The creation of advanced solid polymer electrolytes is of critical importance for the development of fuel cells and hydrogen electrolyzers. While hydrogen fuel cells are a top candidate to replace the internal combustion engine in many applications, they are currently too expensive for mainstream adoption due to the use of perfluorinated sulfonic acid-based (PFSA) polymer electrolytes, which are expensive a require the platinum catalysts and expensive metal cell components. Utilizing an hydrocarbon alkaline membrane dramatically reduce costs, but such membranes that achieve chemical stability and ion conductivity comparable to PFSAs have proven elusive.

It has been shown that polyatomic cations integrated into polymer backbones, when sterically protected, can provide high ion conductivity and excellent chemical stability.

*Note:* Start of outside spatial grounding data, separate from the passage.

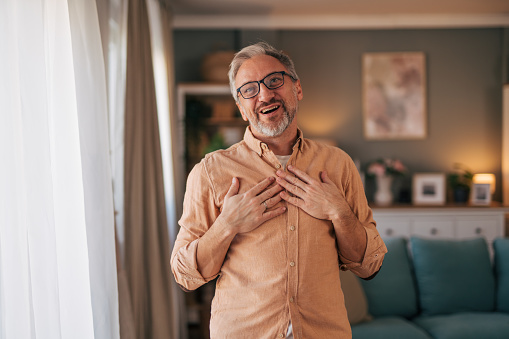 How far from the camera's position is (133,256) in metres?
2.65

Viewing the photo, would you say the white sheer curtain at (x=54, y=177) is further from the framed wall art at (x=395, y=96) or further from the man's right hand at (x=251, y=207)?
the framed wall art at (x=395, y=96)

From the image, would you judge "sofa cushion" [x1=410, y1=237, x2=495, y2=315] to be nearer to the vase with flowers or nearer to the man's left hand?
the vase with flowers

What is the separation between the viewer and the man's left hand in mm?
1285

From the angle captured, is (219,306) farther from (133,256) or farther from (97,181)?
(133,256)

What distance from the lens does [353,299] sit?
2.70 m

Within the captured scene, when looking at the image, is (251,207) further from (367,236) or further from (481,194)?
(481,194)

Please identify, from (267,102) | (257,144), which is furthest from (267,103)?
(257,144)

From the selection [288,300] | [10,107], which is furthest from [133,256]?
[288,300]

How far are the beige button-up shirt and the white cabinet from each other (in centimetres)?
304

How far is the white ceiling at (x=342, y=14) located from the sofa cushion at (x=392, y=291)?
102 inches

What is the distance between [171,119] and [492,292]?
8.92 ft

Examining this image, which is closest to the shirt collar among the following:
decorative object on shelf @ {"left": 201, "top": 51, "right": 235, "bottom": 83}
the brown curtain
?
the brown curtain

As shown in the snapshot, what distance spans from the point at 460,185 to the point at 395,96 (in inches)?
46.5

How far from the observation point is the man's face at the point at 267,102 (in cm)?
138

As these materials consist of cations directly integrated into rigid polymer backbones, the phase separation observed in high-performing polymers such as PFSA is not possible, and it is not clear how high conductivity is achieved. This thesis provides a comprehensive investigation into the nanostructure of such materials via a combination of X-ray scattering at controlled humidity and atomistic molecular dynamics simulations, which reveal a sponge-like nanostructure, near-complete percolation at low degrees of hydration, and no evidence of long-range phase separation. A preliminary analysis of the ion dynamics reveals an unexpectedly strong relationship between accessible volume and ion mobility, suggesting that ion mobility is almost completely defined by accessible volume in these materials.